**Aim of the exercise**
The entries that follow should be written out exactly.

**Data for processing**
┌──
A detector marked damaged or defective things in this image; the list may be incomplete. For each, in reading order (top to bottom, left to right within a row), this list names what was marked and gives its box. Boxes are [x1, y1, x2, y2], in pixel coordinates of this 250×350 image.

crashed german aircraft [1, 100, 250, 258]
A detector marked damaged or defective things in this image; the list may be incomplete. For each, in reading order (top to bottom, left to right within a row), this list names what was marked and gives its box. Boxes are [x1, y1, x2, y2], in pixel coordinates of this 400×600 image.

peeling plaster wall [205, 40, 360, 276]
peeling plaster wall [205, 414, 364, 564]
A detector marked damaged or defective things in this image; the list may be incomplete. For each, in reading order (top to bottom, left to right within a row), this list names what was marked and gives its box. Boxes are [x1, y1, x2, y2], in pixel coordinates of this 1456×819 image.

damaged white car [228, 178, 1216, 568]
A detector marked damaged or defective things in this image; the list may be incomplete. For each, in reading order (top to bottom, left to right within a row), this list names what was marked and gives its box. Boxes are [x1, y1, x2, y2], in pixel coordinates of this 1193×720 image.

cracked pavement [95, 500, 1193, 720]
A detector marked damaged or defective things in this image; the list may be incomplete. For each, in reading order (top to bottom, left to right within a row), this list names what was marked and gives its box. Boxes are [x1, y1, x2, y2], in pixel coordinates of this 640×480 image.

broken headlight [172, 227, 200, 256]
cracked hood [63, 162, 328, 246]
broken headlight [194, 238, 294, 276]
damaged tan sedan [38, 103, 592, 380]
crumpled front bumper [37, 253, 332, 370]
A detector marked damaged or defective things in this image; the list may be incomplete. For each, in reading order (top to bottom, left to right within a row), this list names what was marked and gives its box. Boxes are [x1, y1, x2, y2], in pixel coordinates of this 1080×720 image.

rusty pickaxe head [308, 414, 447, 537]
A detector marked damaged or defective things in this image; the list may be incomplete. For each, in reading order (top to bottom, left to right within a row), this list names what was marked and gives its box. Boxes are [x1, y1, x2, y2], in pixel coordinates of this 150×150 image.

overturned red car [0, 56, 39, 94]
└──
**Task output**
A detector marked damaged or defective things in this image; the list may be incomplete. For each, in reading order (top to bottom, left to right within a row), this list names what was marked and gives its box. Boxes are [x1, y1, x2, y2], in pixel coordinates of this 250×350 image.

crashed german aircraft [1, 100, 250, 258]
A detector marked damaged or defective things in this image; the list may be incomplete. For each, in reading order (top to bottom, left to right within a row), this list names what was marked and gives its box. Boxes are [x1, y1, x2, y2], in pixel coordinates of this 400×600 image.

peeling plaster wall [205, 40, 360, 276]
peeling plaster wall [205, 414, 364, 564]
A detector marked damaged or defective things in this image; the list may be incomplete. For each, in reading order (top to bottom, left to right within a row), this list names what was marked and gives its box. Boxes are [x1, y1, x2, y2], in pixel coordinates of this 1456×819 image.

damaged white car [228, 178, 1216, 568]
A detector marked damaged or defective things in this image; the list may be incomplete. For each, in reading order (top to bottom, left to right within a row), this list names what was marked and gives its box. Boxes are [x1, y1, x2, y2], in pixel coordinates of this 1193×720 image.

cracked pavement [95, 500, 1193, 720]
A detector marked damaged or defective things in this image; the list may be incomplete. For each, in reading order (top to bottom, left to right within a row), this list names what was marked and gives its box. Boxes are [x1, y1, x2, y2], in pixel coordinates of this 640×480 image.

broken headlight [172, 227, 200, 256]
cracked hood [63, 162, 328, 246]
broken headlight [194, 238, 294, 276]
damaged tan sedan [38, 103, 592, 380]
crumpled front bumper [37, 253, 332, 370]
A detector marked damaged or defective things in this image; the list may be incomplete. For each, in reading order (top to bottom, left to right within a row), this list names what was marked and gives its box. Boxes are [x1, y1, x2, y2], in pixel coordinates of this 1080×720 image.

rusty pickaxe head [308, 414, 447, 537]
A detector marked damaged or defective things in this image; the list may be incomplete. For each, in reading order (top to bottom, left to right within a row), this list names what was marked and gives its box. Boxes are [x1, y1, x2, y2], in pixel coordinates of this 150×150 image.

overturned red car [0, 56, 39, 94]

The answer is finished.